=== What to do ===
Everything below from the line with "Divano Verde Giungla" through the line with "Sunny, the unicorn" must be retyped exactly, except the pictures.

··· Information shown ···

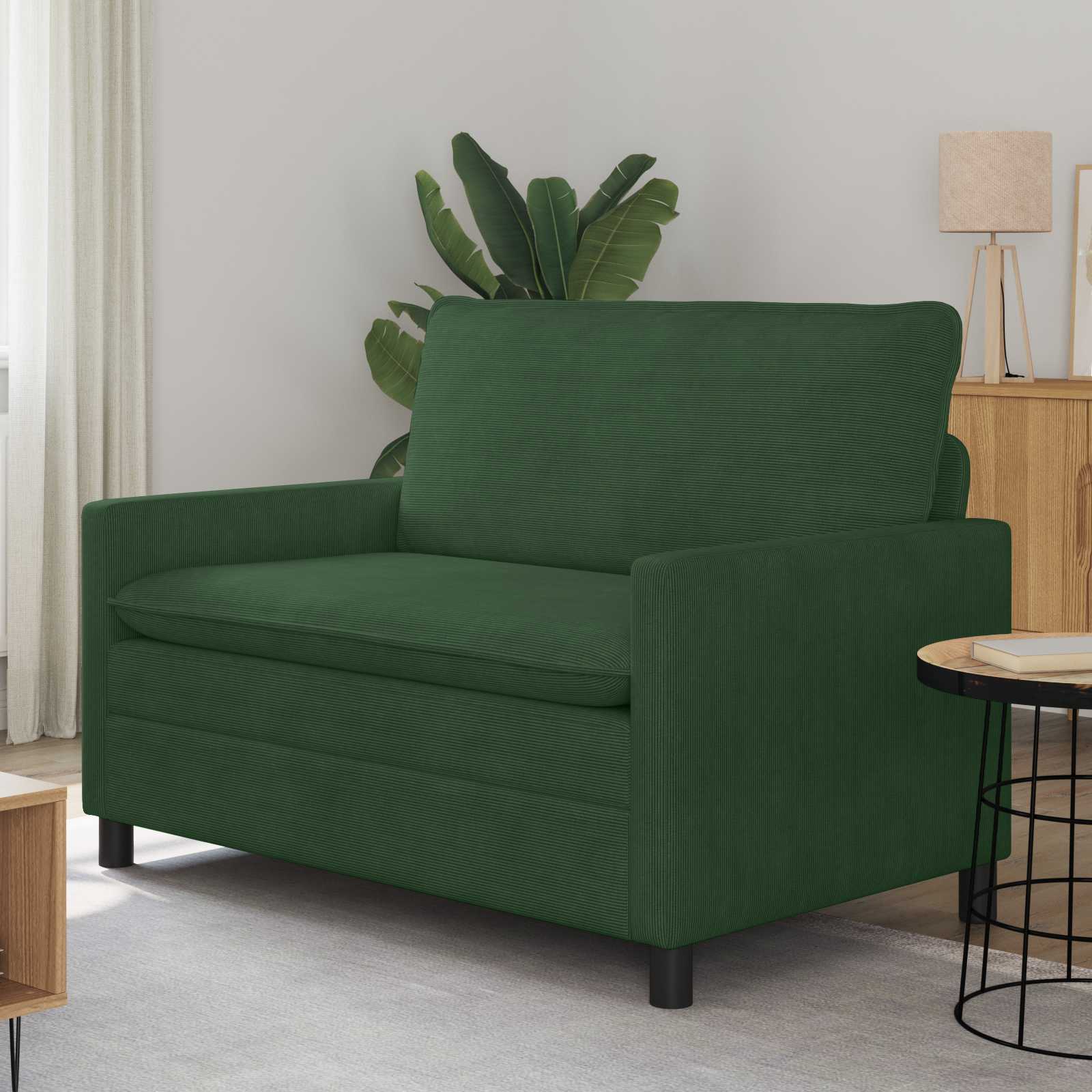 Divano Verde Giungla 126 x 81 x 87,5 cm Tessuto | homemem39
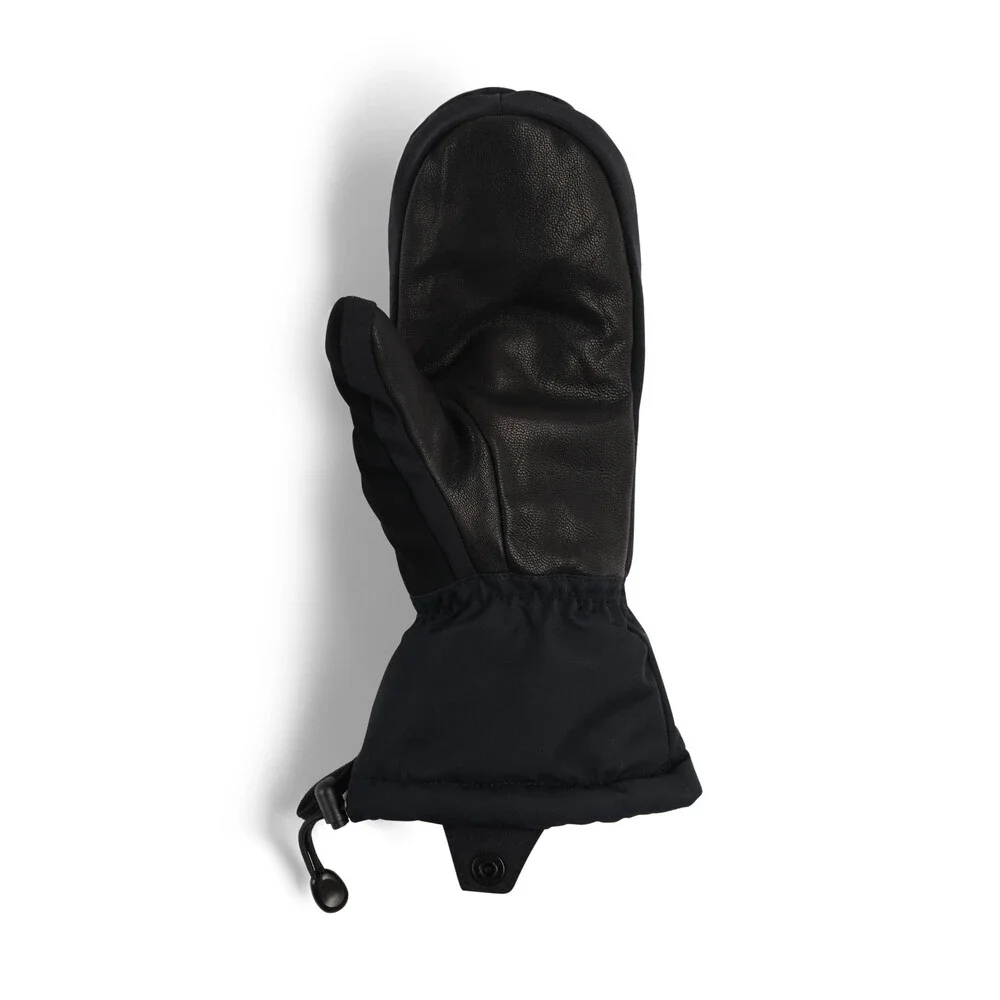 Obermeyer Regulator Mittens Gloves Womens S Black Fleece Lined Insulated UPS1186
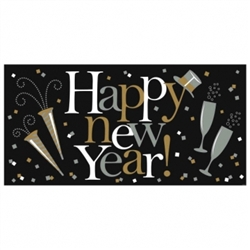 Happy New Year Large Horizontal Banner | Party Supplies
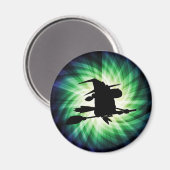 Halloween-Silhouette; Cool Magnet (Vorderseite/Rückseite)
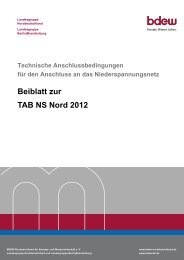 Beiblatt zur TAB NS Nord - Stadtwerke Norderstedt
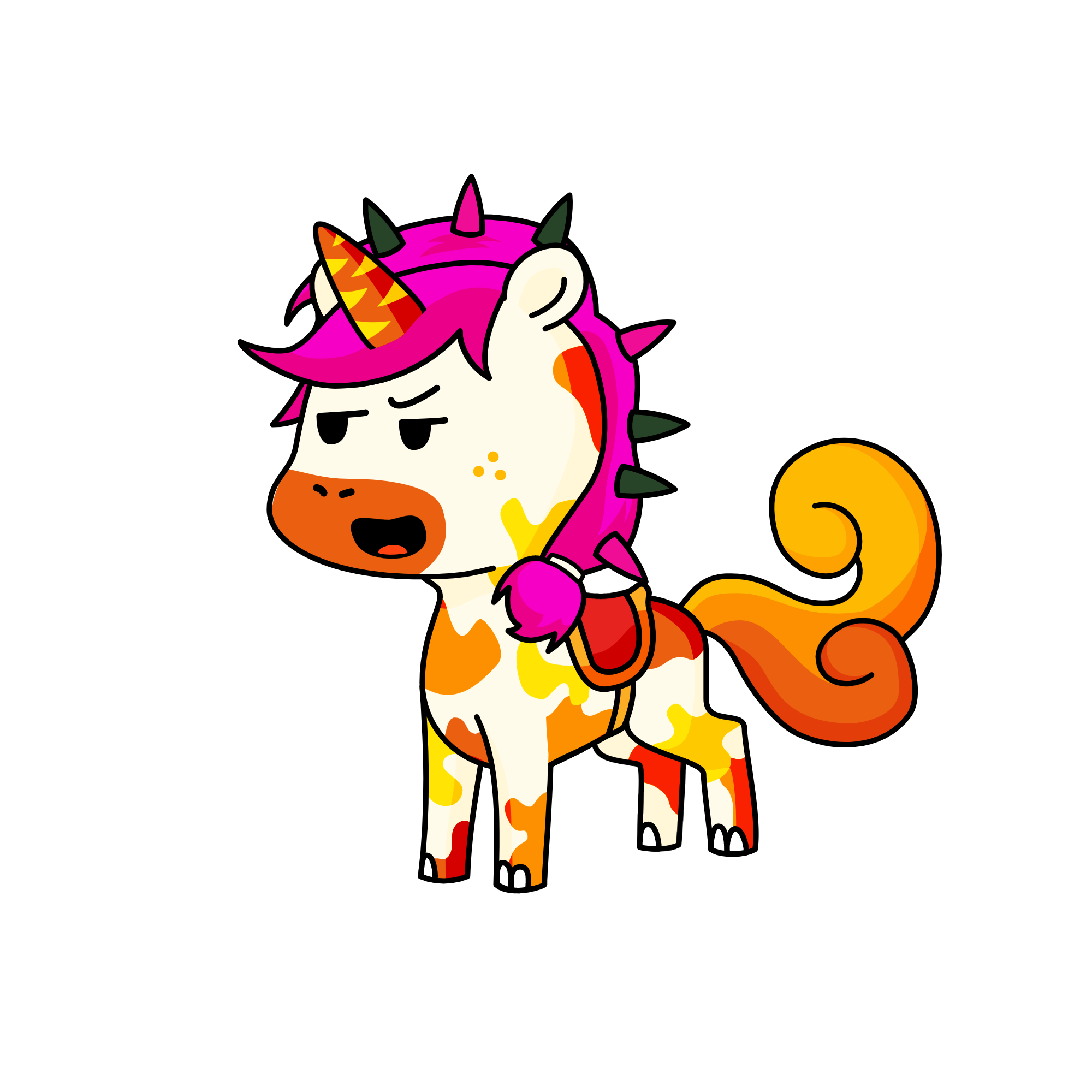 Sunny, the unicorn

···
··· Information shown ···

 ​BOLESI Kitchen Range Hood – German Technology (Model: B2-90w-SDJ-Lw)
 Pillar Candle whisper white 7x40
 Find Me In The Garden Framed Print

···

=== Reply to the exercise ===
 Divano Verde Giungla 126 x 81 x 87,5 cm Tessuto | homemem39
 Obermeyer Regulator Mittens Gloves Womens S Black Fleece Lined Insulated UPS1186
 Happy New Year Large Horizontal Banner | Party Supplies
 Halloween-Silhouette; Cool Magnet (Vorderseite/Rückseite)
 Beiblatt zur TAB NS Nord - Stadtwerke Norderstedt
 Sunny, the unicorn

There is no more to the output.